The six-speed gearbox's wand moves through a rather lengthy arc, but it shifts with little resistance. So you've got a powertrain that's highly effective, if not quite inspiring. The brakes are strong and stable too, but there's a bit of sog in the pedal. Hmmm. So far so good, but if this is to be a great hot hatch, a lot depends on the chassis.
The 208's overhangs are visibly short, which adds to the expectation that it is built to turn. And so it proves, like a little swervy terrier. The steering is quick and proportional, perfectly weighted both around the centre and away towards the locks. The little white doggy dives smartly into each bend, the front tyres clinging on like they'd sacrifice their very toenails for you. There's equal grip from the back end too, so you simply pivot around with immense security.
But the terrier doesn't really want to wag its tail.

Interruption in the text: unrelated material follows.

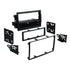 Aerpro FP996510 Facia Kit Suit Jeep 2005-09 Black Single-DIN & 2-DIN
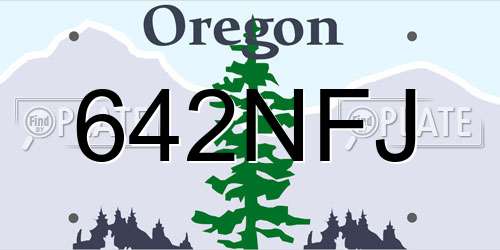 642NFJ Oregon License Plate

I'm not asking for the crazy snapping-out of the 205 GTI, but compared with the way a Fiesta ST will slither according to throttle adjustments, the 208 GTi is just a little inert. And the steering could use a little more feedback too - but then, that's no different from the Fiesta.

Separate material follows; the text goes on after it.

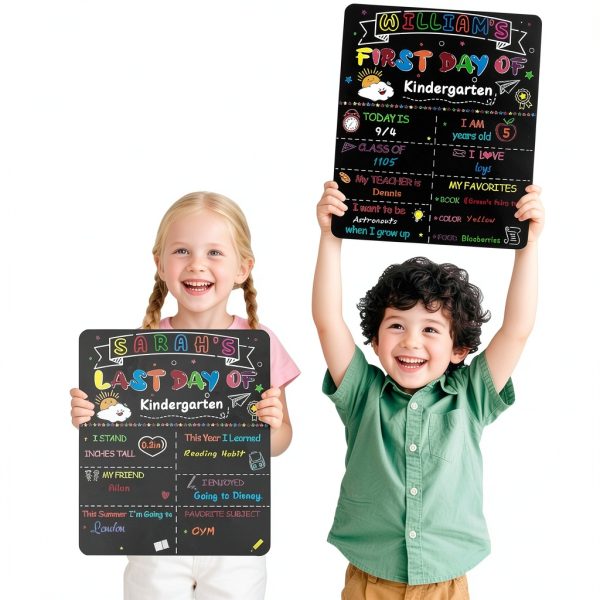 First Day School Chalkboard Libemskix Double‑Sided Board-1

The engineers will tell you this is what happens with electric steering. It's programmed to mask road shocks, and to cancel out torque-steer. True enough, on these crazy roads, with their cambered and cresting second-gear corners, the 208 scoots along without making the slightest mischief or troubling you. The steering doesn't fight, the car takes just the course you set. It's astoundingly effective. You can go like the clappers.
But really, is that what it's all about? Isolating the driver from the action? I mean, if you wrapped your tongue in a wodge of clingfilm, no doubt you'd be able to eat a hotter grade of curry than your normal. But a night at the Koh-i-Noor isn't just about a dogfight with the chilli; you want the well-crafted blend of subtle sensations.

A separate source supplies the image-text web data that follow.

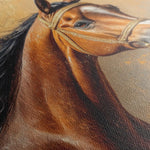 Horses 056 Canvas Art 90 x 60 cm / Stretched on hidden frame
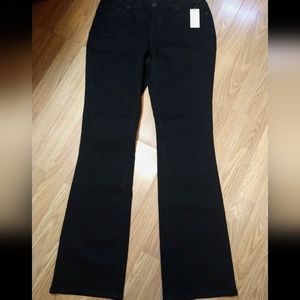 Style & Co. Curvy Fit Black Stretch Denim Boot Leg Jeans Women's Size 10L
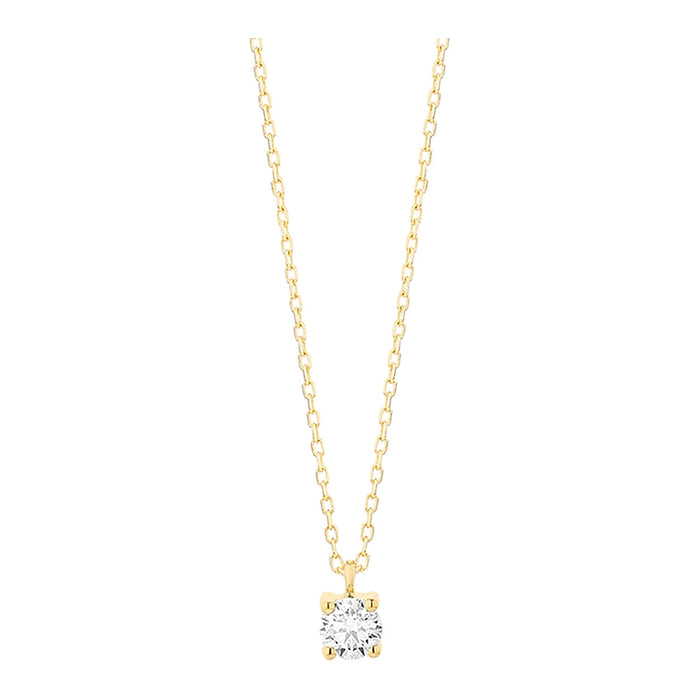 Met diamant -  0.20 ct. - 4 poot chaton - Hutjens Diamond - 18k Geelgoud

And so, after a half-day in these second-gear mountains, and cliffside routes, the 208 isn't quite my new best friend. Which I feel mean saying, because it's a terrific work of engineering. It just devours these roads, thanks to its engine and traction and grip and agility and trustworthiness.
There's more too. It's got all you need to make it a car for every day. It looks great, the cabin works well, and the stereo's a cut above the small-car tinny norm. And there's a suppleness to the suspension that doesn't just mean it can career through a bumpy corner, it's also well calibrated not to crash in urban potholes or slap and judder down ridged A-roads. And the suspension is pretty quiet too, which was never the case in previous small Peugeots. See? Lots and lots to like. The problem is actually loving it.
Ah, but then we climb into uplands, where the roads get more open, the corners faster and the views even more remarkable. Not that I'm looking. Because now the car is coming more alive. It's still grippy and immensely chuckable, but it's letting me in on the party. There's more life to the steering: it lightens a little as the suspension stretches its legs over a mid-bend crest or the tyres ease their hold in a damp patch. It's subtle, but it's enough. I'm properly grinning now.
This isn't a 205 GTI reborn, and, in a way, Peugeot is being silly claiming it is. What it is, however, is a top-flight hot hatch for 2013. Nothing to be ashamed of there. Peugeot has come back to Corsica and made its mark again.